▶ [WHAT IS BEING ASKED]:
What is needed is every line of the material that contains "Robert".
⟨
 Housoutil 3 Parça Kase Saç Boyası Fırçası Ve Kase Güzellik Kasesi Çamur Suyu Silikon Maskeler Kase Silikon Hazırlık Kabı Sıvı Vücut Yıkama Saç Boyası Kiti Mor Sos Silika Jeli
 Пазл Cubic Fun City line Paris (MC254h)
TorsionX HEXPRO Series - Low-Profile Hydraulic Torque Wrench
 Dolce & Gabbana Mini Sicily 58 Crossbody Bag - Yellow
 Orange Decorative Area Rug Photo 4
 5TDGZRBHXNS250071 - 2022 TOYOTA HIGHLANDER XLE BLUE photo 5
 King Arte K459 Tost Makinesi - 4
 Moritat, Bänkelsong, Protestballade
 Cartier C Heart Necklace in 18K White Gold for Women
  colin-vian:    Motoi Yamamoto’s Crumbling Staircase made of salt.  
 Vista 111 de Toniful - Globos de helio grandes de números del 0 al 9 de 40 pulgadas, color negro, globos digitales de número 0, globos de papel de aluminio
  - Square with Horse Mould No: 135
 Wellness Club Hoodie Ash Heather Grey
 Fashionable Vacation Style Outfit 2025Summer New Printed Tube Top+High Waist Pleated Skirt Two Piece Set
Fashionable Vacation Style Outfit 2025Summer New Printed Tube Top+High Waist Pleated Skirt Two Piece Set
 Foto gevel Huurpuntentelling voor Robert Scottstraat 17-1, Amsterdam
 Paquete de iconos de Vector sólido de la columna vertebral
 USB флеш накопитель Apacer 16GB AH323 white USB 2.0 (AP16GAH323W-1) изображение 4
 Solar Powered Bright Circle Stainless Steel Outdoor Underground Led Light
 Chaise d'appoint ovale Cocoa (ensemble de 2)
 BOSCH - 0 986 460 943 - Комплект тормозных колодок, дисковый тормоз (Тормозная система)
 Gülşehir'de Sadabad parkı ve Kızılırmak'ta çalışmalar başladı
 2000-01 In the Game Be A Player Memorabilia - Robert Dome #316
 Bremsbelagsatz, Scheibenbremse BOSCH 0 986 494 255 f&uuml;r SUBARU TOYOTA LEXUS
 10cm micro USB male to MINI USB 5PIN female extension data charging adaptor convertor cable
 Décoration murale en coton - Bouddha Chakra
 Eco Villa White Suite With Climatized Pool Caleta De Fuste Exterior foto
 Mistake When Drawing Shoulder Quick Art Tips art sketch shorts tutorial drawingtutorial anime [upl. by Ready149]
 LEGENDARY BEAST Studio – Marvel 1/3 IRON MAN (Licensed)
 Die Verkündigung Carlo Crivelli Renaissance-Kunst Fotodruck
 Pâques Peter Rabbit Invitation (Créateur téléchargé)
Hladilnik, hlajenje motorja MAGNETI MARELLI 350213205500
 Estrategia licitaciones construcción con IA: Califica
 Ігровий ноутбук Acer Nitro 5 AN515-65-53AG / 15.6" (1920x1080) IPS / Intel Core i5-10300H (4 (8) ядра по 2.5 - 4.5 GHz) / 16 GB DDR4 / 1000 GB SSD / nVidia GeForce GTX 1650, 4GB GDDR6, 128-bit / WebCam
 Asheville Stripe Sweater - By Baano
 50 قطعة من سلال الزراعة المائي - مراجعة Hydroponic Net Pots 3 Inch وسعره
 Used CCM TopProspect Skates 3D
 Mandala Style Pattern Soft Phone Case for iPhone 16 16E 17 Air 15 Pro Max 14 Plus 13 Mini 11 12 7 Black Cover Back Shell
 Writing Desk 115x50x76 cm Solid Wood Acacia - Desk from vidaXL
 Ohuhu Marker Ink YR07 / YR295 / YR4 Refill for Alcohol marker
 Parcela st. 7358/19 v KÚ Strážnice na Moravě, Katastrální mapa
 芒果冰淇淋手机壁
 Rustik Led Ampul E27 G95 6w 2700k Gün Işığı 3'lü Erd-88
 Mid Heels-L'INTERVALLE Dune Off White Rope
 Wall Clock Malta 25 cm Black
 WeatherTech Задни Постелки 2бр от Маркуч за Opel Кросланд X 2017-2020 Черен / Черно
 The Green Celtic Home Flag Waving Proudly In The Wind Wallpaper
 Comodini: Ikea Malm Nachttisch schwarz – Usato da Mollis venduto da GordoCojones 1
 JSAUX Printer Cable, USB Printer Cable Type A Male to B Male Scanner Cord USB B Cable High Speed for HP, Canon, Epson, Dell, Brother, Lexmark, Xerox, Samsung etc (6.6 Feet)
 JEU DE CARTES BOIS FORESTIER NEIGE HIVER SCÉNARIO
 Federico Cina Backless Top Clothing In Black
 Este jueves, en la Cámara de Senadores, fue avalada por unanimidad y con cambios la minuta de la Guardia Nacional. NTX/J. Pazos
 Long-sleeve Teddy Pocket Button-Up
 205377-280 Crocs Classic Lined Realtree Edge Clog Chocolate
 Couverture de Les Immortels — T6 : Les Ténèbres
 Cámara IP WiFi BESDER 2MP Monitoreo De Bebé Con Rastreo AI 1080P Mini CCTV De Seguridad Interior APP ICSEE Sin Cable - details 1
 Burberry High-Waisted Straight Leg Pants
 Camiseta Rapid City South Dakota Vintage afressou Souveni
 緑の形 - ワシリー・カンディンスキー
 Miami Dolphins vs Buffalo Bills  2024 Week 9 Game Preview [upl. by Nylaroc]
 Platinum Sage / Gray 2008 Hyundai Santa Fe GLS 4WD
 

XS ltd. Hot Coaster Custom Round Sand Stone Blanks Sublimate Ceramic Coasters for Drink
⟩
▶ [TASK OUTPUT]:
 Foto gevel Huurpuntentelling voor Robert Scottstraat 17-1, Amsterdam
 2000-01 In the Game Be A Player Memorabilia - Robert Dome #316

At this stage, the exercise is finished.